September 13, 2012 in Blog


I was inspired by the garden planning workshop at the beginning of my challenge (As we were building a garden from almost nothing). Our backyard had only a few fruit trees and a row of lilacs along the fence.

One of the things that was discussed at the workshop was the principle of of swaling. This is where you create mounded beds which trap run off water instead of releasing it to the storm water. Our garden slopes away from the house so is in a perfect position to utilize this concept. I now have a number of these mounds contoured to trap run off. On a bigger scale you can see this principle put in to practice at the national arboretum.

My research also led me to looking at rain gardens and aquaponics, another principle which uses the rain water from your roof to create temporary water gardens. I know in Canberra most people have rain water tanks to trap water for later use but this is an alternative for using at least some of the roof water.

Does any one know if this has been put into practice in Canberra?

Melbourne has a scheme for promoting this practice as they want to stop storm water entering the harbor. Should we be doing the same?

18 comments to 'Rain gardens'

  1. @Wombat01 I have never heard of the rain gardens. I would be interested in finding out more information if you come across any. We live in an older house and do not have rain water tanks (although we would like them).

  2. @Wombat01 Sounds a wonderful idea!

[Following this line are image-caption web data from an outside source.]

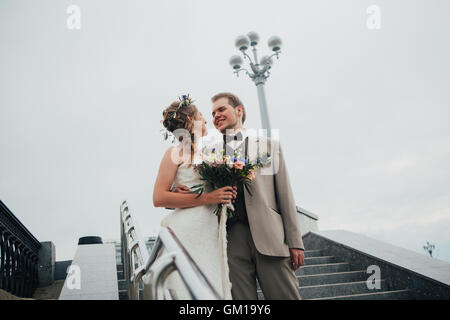 young bride and groom on the background of the stairs. Stock Photo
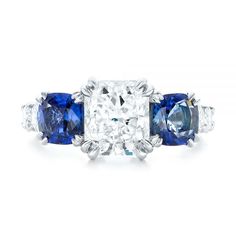 102972 Platinum Ring   2 Blue Sapphires - .91 ctw   10 Diamonds - .98 ctw   Clarity: VS2 - Color: F-G    Joseph Jewelry. This dazzling engagement ring features a radiant cut diamond in the center, with a cushion shaped blue sapphire on either side, and shared prong set diamonds down the top of the platinum Euroshank. It was created for a couple from Issaquah, WA, who already had all three stones they wanted to use for the main setting, as well as a clear vision for what they wanted the overall p Sapphire Diamond Ring With Prong Setting Cushion Cut, Sapphire Platinum Diamond Ring Cushion Cut, Sapphire Cushion Cut Diamond Ring In Platinum, Platinum Sapphire Cushion Cut Diamond Ring, Sapphire Wedding Ring With Brilliant Cushion Cut, Cushion Cut Diamond Ring With Center Stone Lab-created Sapphire, Blue Radiant Cut Diamond Ring In Platinum, Blue Diamond Ring With Round Cut, Blue Three Stone Round Cut Diamond Ring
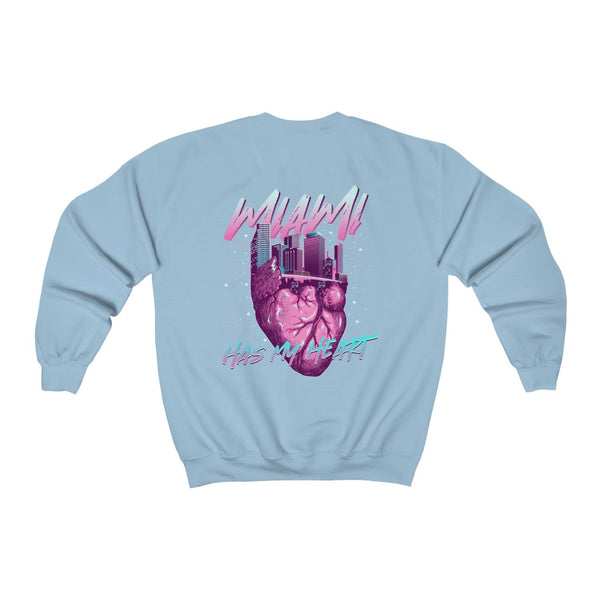 This women's sweatshirt features a unique design inspired by the vibrant Miami skyline, cleverly shaped into a heart. The phrase "Miami has my Heart" is prominently displayed, embodying the spirit of the city. The color scheme utilizes Miami Vice baby blue and hot pink, giving it a fun and trendy vibe that captures the essence of Miami's lively atmosphere. It's a perfect piece for those who want to showcase their love for this iconic city!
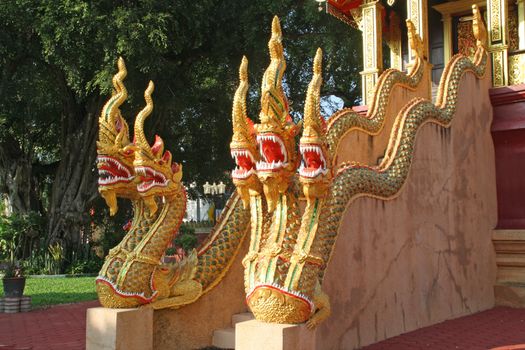 The three-headed serpent statue. Entrance to the church, a temple in Chiang Mai, Thailand.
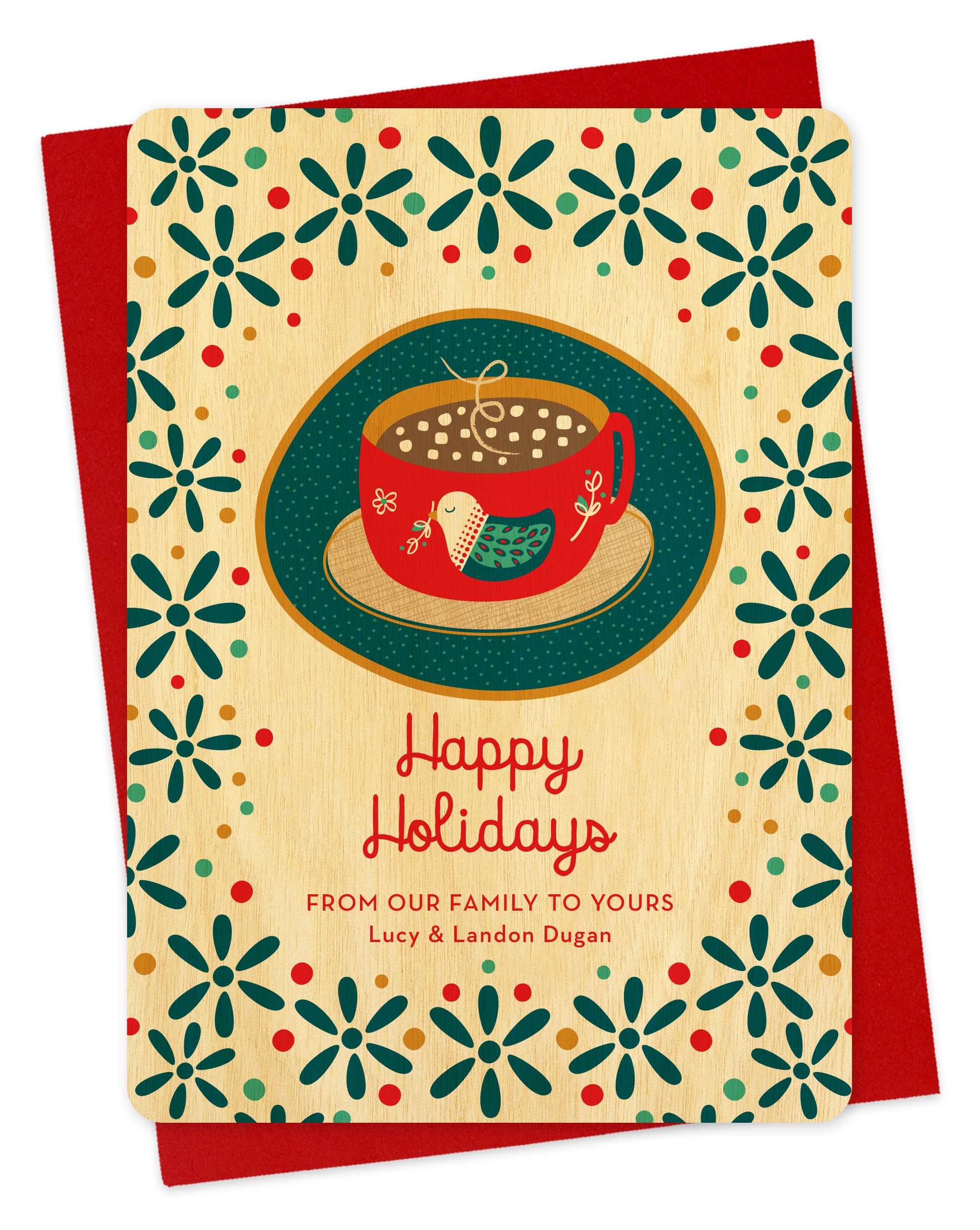 Front of wood holiday card featuring a mug of hot chocolate with a folk-style bird design, “Happy Holidays” text and a  personal greeting on a festive patterned background. Shown with a red envelope.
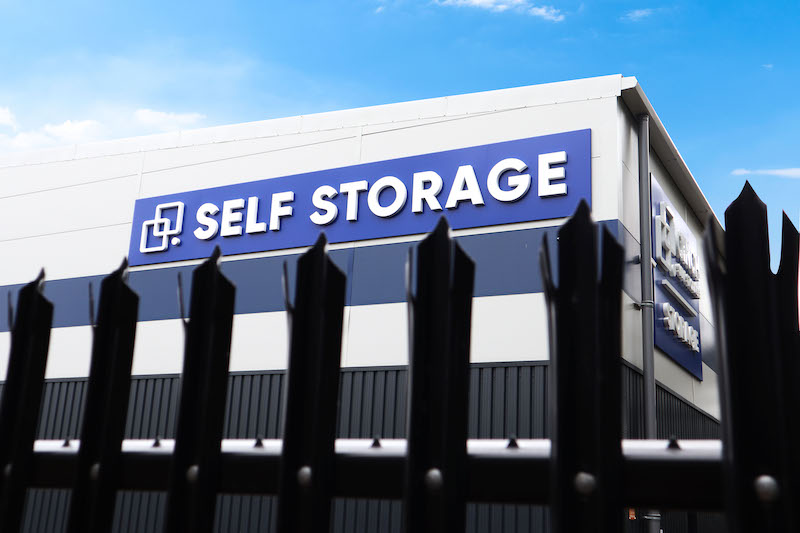 Self storage in St Neots. Image shows the exterior view of a Cinch self storage facility with a dark fence in the foreground.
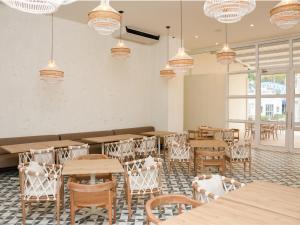科韦尼亚斯Ciela Hotel & Beach Club的用餐室配有桌椅和吊灯。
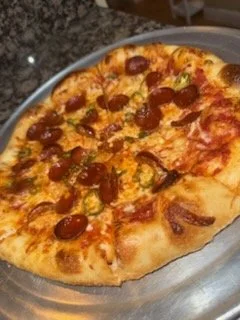 A pepperoni pizza on a round tray, topped with cheese and pepperoni slices.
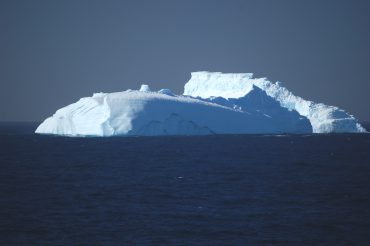 Iceberg tip in the ocean.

I haven’t heard of it either but I’d be interested to know more if you get any more info.

  3. @Wombat01 @Stanwix @Anna21 – There will be a workshop in the Sustain ABILITY series that will cover rain gardens titled ‘Irrigation & Low Water Use Food Gardening’, however it won’t be on until Saturday 24th November, 10am – 11.30am. If you would like to book in early, let me know! :)

  4. @Anna21 @Stanwix I found a couple of websites including Melbourne Water. Also YouTube has a few good demos of how to install one. They are very popular in the USA and are catching on in europe along with forest gardens and roof gardens. Roof gardens feature on many of the houses in Grand Designs. I don’t know if anyone has used them in Canberra.

    • @Wombat Thanks!

    • @Wombat01 I’ve been enjoying Grand Designs revisited on iView again lately! Loved the house built out of predominantly recycled materials (bottles, tires, etc.) they had done a great job of being self sustainable with a reed garden to purify water so they could reuse it, etc. I also liked the straw bale house in the latest episode, but that required a large number of compromises of their eco principles I felt so it wasn’t my favourite. I’ve been doing a bit more research into straw bale houses recently, would be nice to do when we get to do extensions on our little home (more living space as our family grows will be essential in Canberra winters)!

      • @Taryn Some of those Grand Design houses really do set a benchmark for sustainable houses. The earthship one in particular was very inspiring. It would be good to build a house with mostly recycled materials and have community volunteers to help. The reality however is that it is very difficult and expensive building houses in Canberra especially if you want something more energy efficient.

        • Yes, similar to UK I guess, hence why they went to France to build their houses! Hmmm…

          Oh, better go and stop one Cheeky little Monkey from climbing the book cases!

          • @Taryn I think there is an earthship house in Australia but not in an urban area. There are a lot of problems with building permits for such houses so I think it is easier to build in the bush.

    • @Wombat01 I like the idea of having a roof garden on my carport – wonder how much work would need doing to make it strong enough structurally to hold soil?

  5. It was good to see Cally ‘s drainage system installed down the side of her house. I can now see the possibilities for my side garden. It will involve a lot of digging but should improve the drainage without loosing the water down the storm water.